WHAT IS EXPECTED: Pull every line with "white" from the data below and copy it.

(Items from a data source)
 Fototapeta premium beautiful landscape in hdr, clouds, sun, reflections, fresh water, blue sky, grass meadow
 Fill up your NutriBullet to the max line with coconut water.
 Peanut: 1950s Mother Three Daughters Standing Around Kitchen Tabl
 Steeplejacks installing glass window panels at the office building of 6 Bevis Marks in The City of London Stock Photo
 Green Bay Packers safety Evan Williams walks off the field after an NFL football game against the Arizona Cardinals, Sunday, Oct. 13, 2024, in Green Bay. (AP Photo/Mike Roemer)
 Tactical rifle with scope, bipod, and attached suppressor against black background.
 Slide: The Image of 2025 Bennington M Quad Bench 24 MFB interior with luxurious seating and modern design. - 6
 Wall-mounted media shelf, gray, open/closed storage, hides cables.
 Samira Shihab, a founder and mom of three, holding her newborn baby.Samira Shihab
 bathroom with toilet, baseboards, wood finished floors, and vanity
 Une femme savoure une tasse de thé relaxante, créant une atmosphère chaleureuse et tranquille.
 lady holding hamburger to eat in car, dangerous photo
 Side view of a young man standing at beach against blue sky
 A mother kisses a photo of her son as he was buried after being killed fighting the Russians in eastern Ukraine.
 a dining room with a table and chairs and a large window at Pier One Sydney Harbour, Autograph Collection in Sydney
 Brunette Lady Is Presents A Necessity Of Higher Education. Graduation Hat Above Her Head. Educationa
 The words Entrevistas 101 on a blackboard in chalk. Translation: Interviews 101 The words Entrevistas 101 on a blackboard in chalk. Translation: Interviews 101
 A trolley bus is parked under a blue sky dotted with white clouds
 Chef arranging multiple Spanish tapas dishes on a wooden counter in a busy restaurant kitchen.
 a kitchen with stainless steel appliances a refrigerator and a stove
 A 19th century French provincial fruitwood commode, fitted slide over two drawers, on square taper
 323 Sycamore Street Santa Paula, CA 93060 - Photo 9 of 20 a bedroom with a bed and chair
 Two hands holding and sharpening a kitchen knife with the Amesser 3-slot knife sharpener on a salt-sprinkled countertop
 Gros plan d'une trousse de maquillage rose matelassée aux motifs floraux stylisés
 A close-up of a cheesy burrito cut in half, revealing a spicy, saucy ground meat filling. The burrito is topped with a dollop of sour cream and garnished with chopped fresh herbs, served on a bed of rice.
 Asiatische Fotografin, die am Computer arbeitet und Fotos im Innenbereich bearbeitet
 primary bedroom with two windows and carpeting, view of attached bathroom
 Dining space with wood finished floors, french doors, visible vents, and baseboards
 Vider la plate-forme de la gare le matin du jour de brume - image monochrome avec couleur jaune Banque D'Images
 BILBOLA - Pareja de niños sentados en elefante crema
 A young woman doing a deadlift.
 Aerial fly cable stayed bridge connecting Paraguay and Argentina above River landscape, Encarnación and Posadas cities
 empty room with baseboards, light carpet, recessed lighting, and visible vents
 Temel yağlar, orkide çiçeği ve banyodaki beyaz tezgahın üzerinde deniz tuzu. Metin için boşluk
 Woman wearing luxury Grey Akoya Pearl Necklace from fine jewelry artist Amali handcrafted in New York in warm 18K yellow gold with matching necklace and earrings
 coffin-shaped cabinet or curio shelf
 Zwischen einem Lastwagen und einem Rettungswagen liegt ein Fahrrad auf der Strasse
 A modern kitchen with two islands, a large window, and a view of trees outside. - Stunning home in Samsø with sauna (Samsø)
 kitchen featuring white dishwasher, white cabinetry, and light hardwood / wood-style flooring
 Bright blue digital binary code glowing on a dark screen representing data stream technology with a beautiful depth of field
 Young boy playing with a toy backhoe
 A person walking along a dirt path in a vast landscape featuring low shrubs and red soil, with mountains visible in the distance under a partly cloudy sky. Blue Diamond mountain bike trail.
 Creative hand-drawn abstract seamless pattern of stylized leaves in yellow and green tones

SOLUTION:
 A trolley bus is parked under a blue sky dotted with white clouds
 kitchen featuring white dishwasher, white cabinetry, and light hardwood / wood-style flooring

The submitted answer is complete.